** Opening DATASET block **

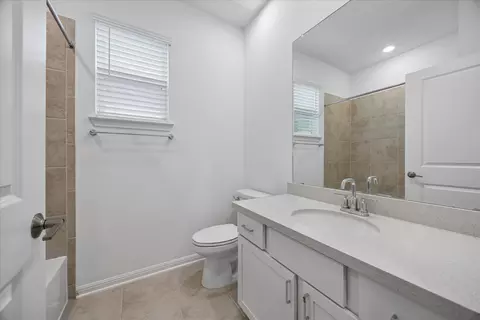 Bath - 6407 Rounded Pebble Ln, Buda, TX 78610 photo 2 of 2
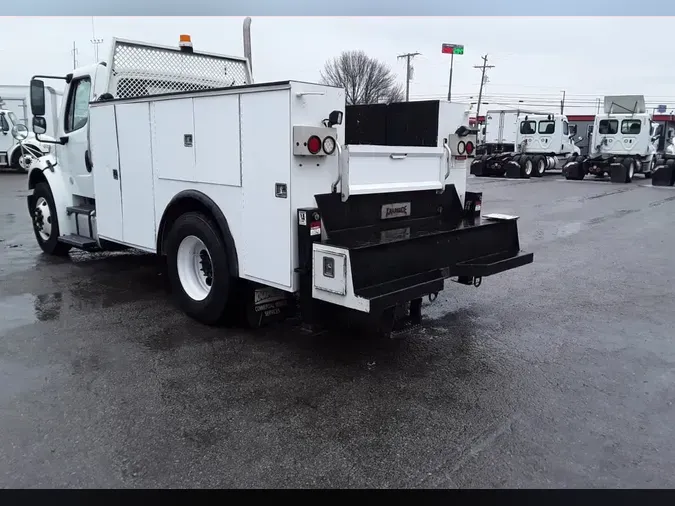 2017 FREIGHTLINER/MERCEDES M2 106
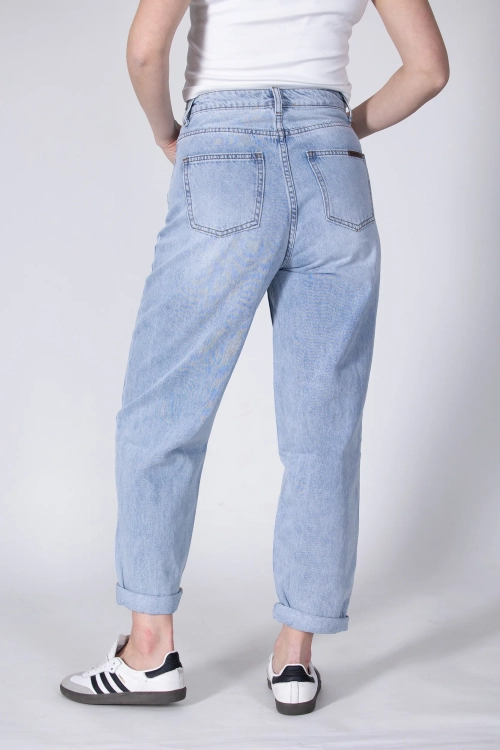 Jeansy-Damskie-3d-2.webp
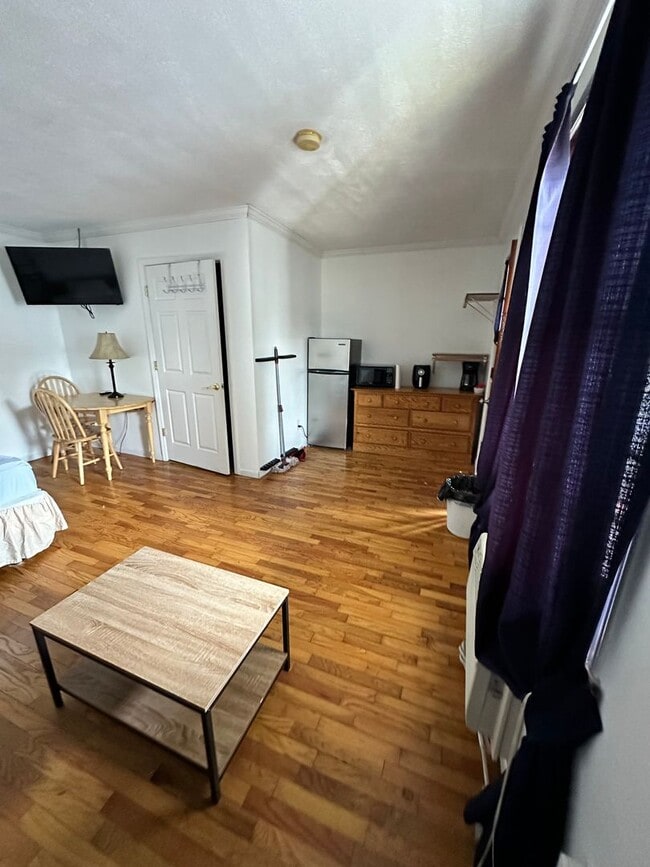 Building Photo - Fully Furnished Efficiently Apartment in Kuttawa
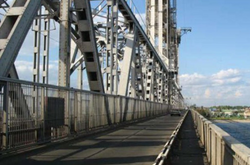 Рашисты снова обстреляли мост через Днестровский лиман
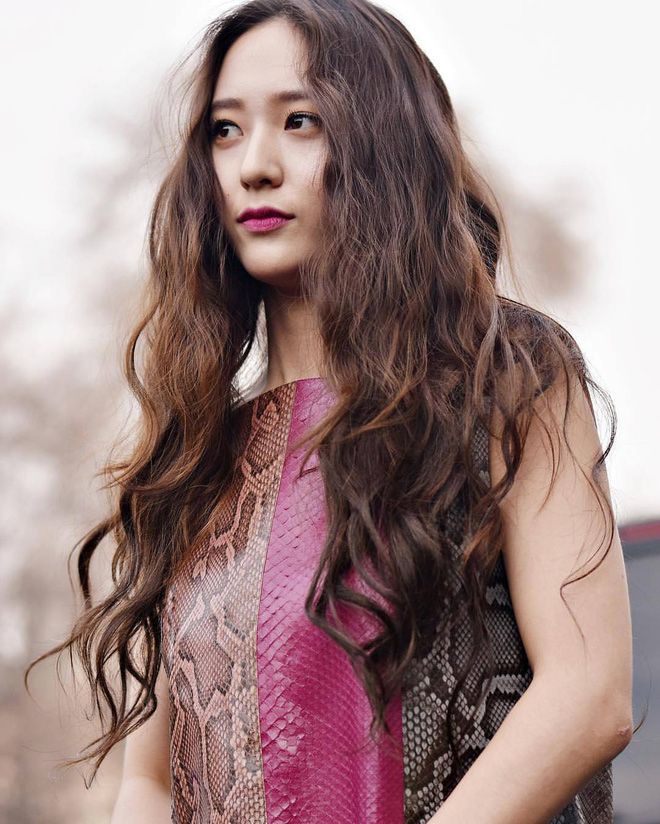 Nàng nào cắt tóc cũng xinh lên, do Krystal đen thôi, chứ đỏ thì quên đi - Ảnh 11. Nàng nào cắt tóc cũng xinh lên, do Krystal đen thôi, chứ đỏ thì quên đi - Ảnh 11.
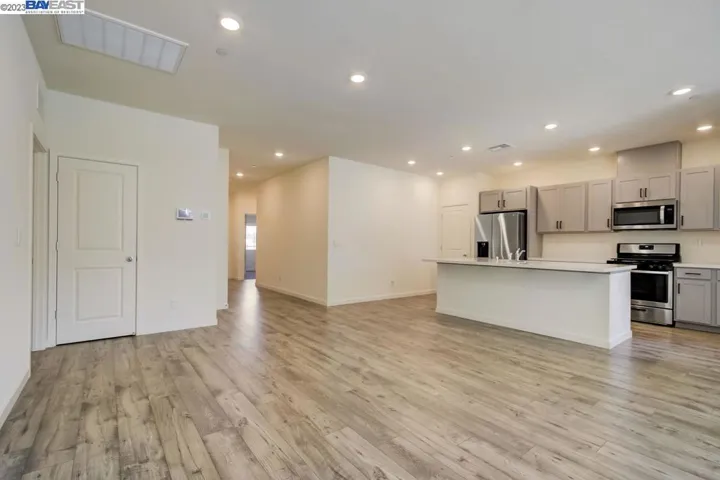 2026 Jamison Creek Way, Plumas Lake, California 95961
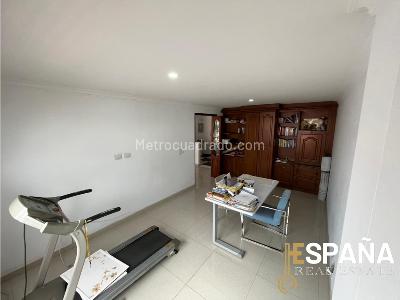 Apartamento en venta en Contador, Bogotá · foto 3 de 16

** Closing DATASET block **

- [WHAT YOU SHOULD DO]
In the copy, include every line of the entries above exactly and none of the pictures.

- [OUTPUT FOR THIS TASK]
 Bath - 6407 Rounded Pebble Ln, Buda, TX 78610 photo 2 of 2
 2017 FREIGHTLINER/MERCEDES M2 106
 Jeansy-Damskie-3d-2.webp
 Building Photo - Fully Furnished Efficiently Apartment in Kuttawa
 Рашисты снова обстреляли мост через Днестровский лиман
 Nàng nào cắt tóc cũng xinh lên, do Krystal đen thôi, chứ đỏ thì quên đi - Ảnh 11. Nàng nào cắt tóc cũng xinh lên, do Krystal đen thôi, chứ đỏ thì quên đi - Ảnh 11.
 2026 Jamison Creek Way, Plumas Lake, California 95961
 Apartamento en venta en Contador, Bogotá · foto 3 de 16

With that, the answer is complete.